■ TRY IT
Everything in the data should be repeated exactly, save for the images.

■ DATA LISTING
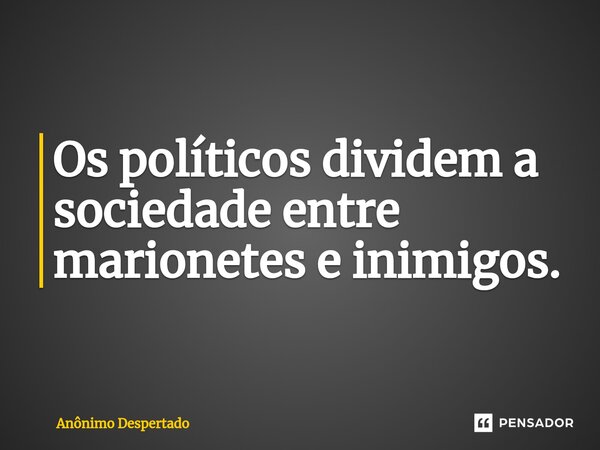 Os políticos ⁠dividem a sociedade entre marionetes e inimigos.... Frase de Anônimo Despertado.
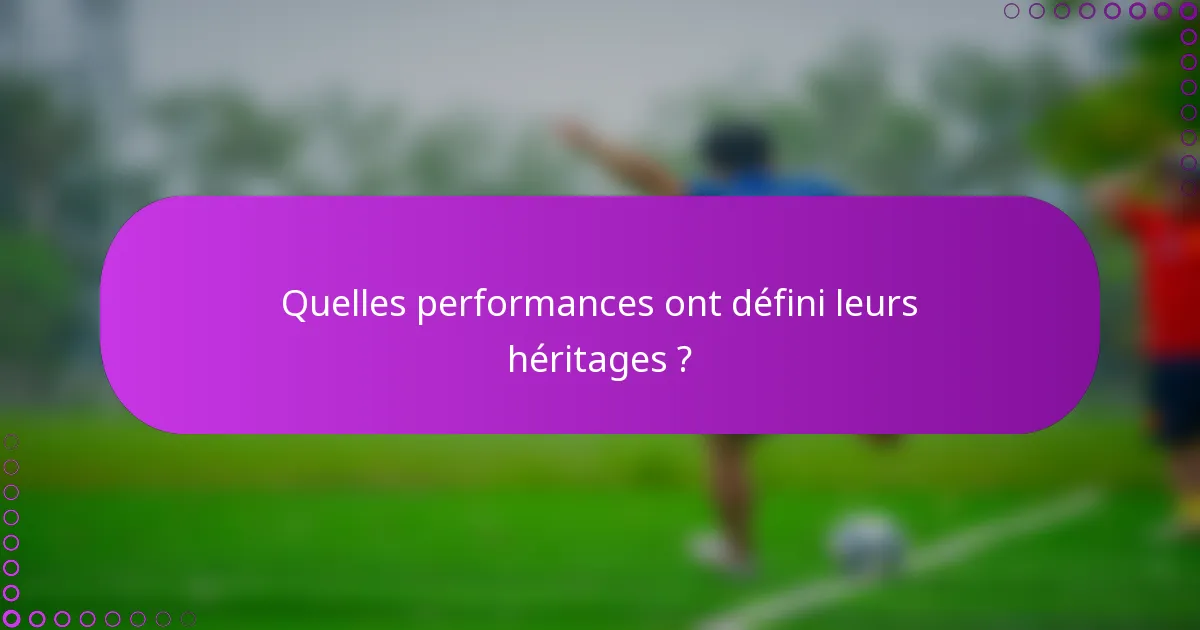 Quelles performances ont défini leurs héritages ?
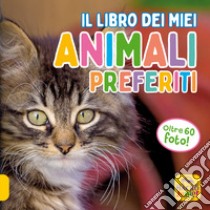 Il libro dei miei animali preferiti. Ediz. a colori libro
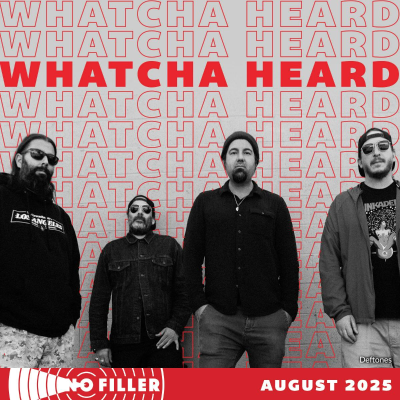 episode Whatcha Heard - The Deftones PSA Edition artwork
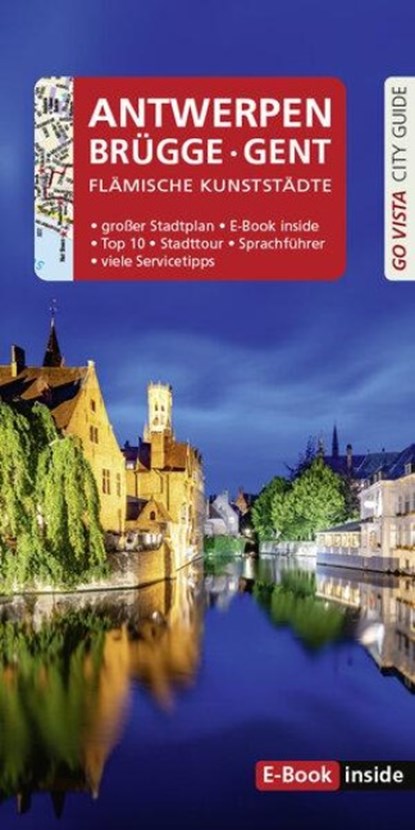 GO VISTA: Reiseführer Antwerpen · Brügge · Gent, Petra Sparrer - Paperback - 9783961418718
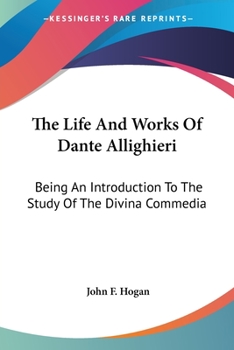 Paperback The Life And Works Of Dante Allighieri: Being An Introduction To The Study Of The Divina Commedia Book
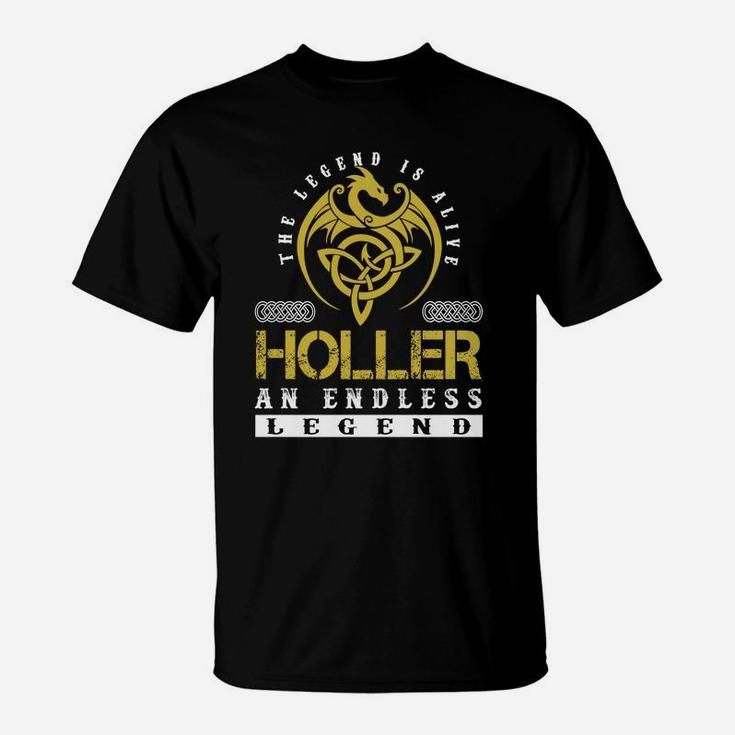 The Legend Is Alive Holler An Endless Legend Name Shirts T-Shirt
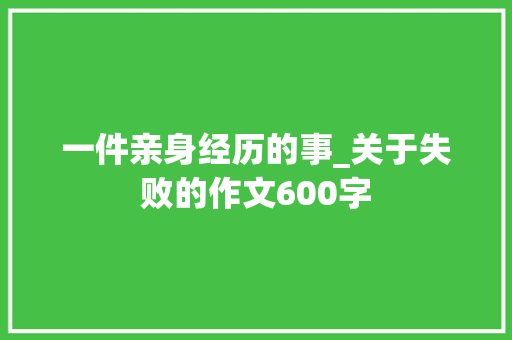 一件亲身经历的事_关于失败的作文600字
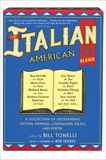 The Italian American Reader, Tonelli, Bill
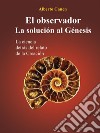 El Observador. La Solución Al GénesisLa Ciencia Detrás Del Relato De La Creación. E-book. Formato EPUB ebook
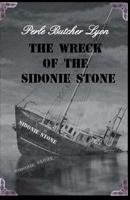 The Wreck of the Sidonie Stone 0692285032 Book Cover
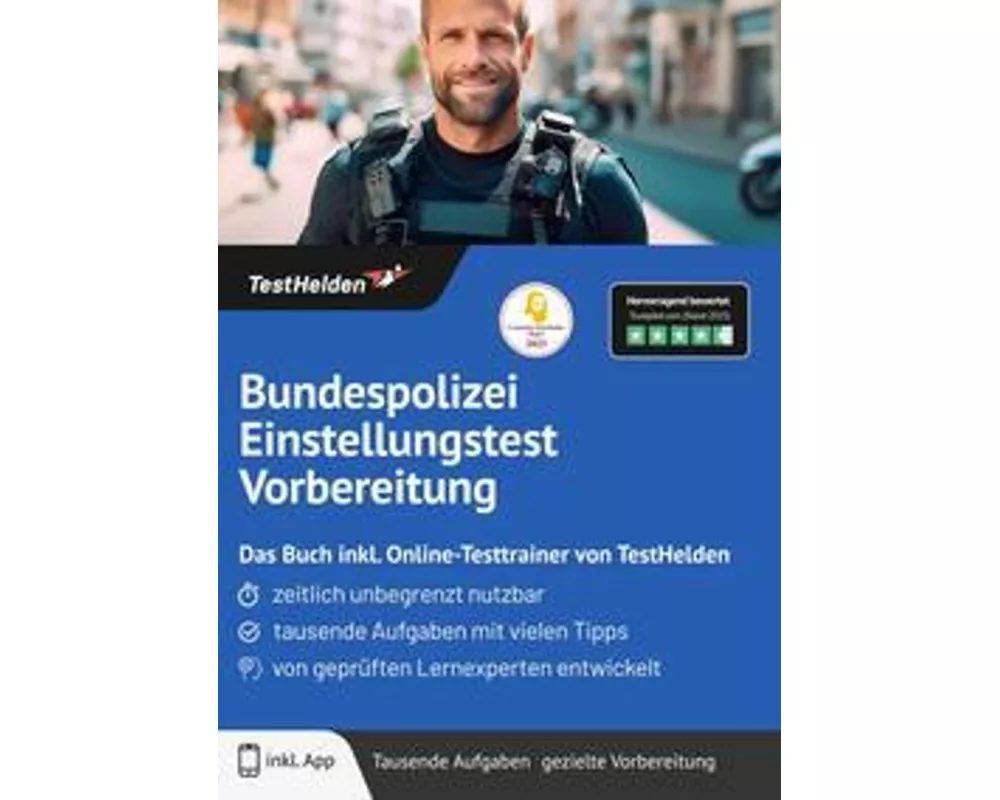 Bundespolizei Einstellungstest Vorbereitung: Das Buch inkl. Online-Testtrainer von TestHelden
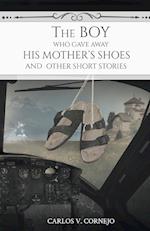 The Boy Who Gave Away His Mother's Shoes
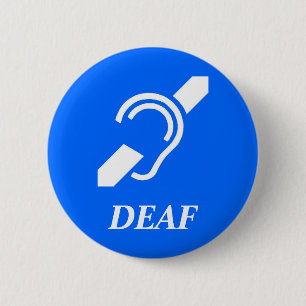 ISD DEAF 6 CM ROUND BADGE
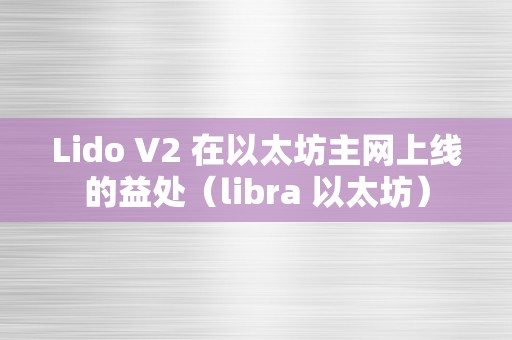 Lido V2 在以太坊主网上线的益处（libra 以太坊）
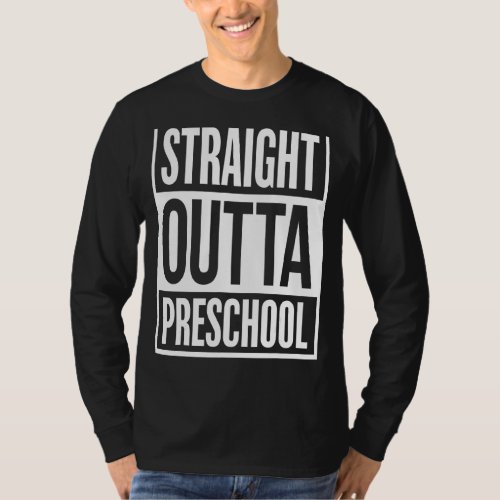 Kids Straight Outta Preschool Fun Toddler Cool Gra T_Shirt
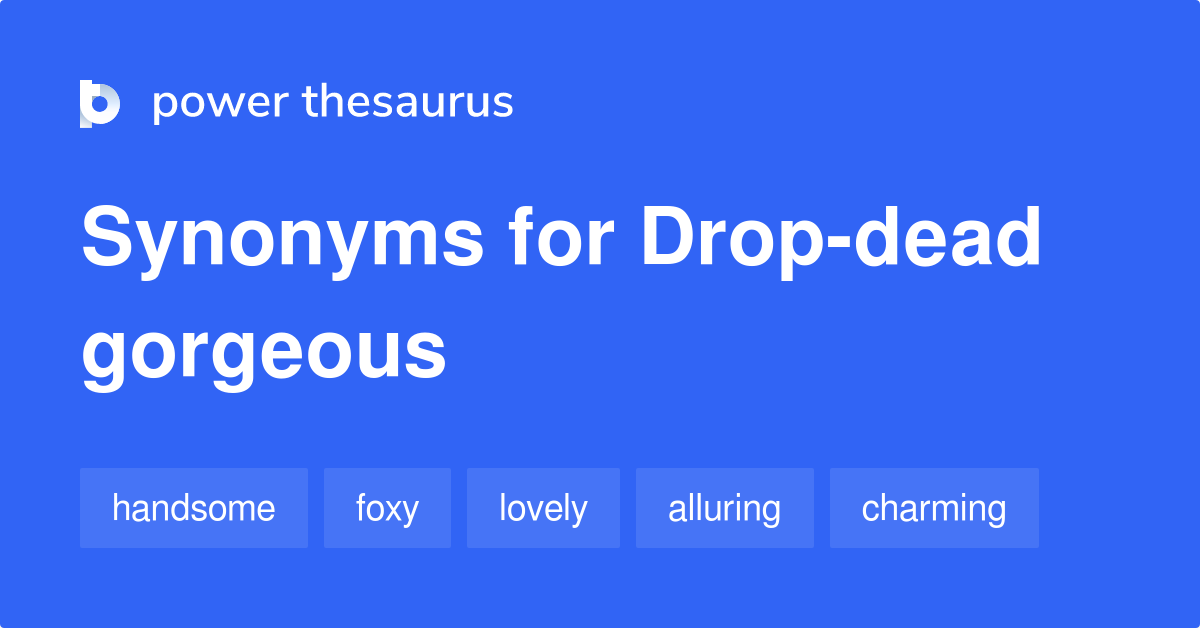 Power Thesaurus on X:  If someone is drop-dead  gorgeous, they are very attractive or beautiful. E.g. She's funny, kind,  clever - and drop-dead gorgeous. #learnenglish #thesaurus #synonyms #ielts   / X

■ ANSWER TO THE PROBLEM
 Os políticos ⁠dividem a sociedade entre marionetes e inimigos.... Frase de Anônimo Despertado.
 Quelles performances ont défini leurs héritages ?
 Il libro dei miei animali preferiti. Ediz. a colori libro
 episode Whatcha Heard - The Deftones PSA Edition artwork
 GO VISTA: Reiseführer Antwerpen · Brügge · Gent, Petra Sparrer - Paperback - 9783961418718
 Paperback The Life And Works Of Dante Allighieri: Being An Introduction To The Study Of The Divina Commedia Book
 The Legend Is Alive Holler An Endless Legend Name Shirts T-Shirt
 一件亲身经历的事_关于失败的作文600字
 The Italian American Reader, Tonelli, Bill
 El Observador. La Solución Al GénesisLa Ciencia Detrás Del Relato De La Creación. E-book. Formato EPUB ebook
 The Wreck of the Sidonie Stone 0692285032 Book Cover
 Bundespolizei Einstellungstest Vorbereitung: Das Buch inkl. Online-Testtrainer von TestHelden
 The Boy Who Gave Away His Mother's Shoes
 ISD DEAF 6 CM ROUND BADGE
 Lido V2 在以太坊主网上线的益处（libra 以太坊）
 Kids Straight Outta Preschool Fun Toddler Cool Gra T_Shirt
 Power Thesaurus on X:  If someone is drop-dead  gorgeous, they are very attractive or beautiful. E.g. She's funny, kind,  clever - and drop-dead gorgeous. #learnenglish #thesaurus #synonyms #ielts   / X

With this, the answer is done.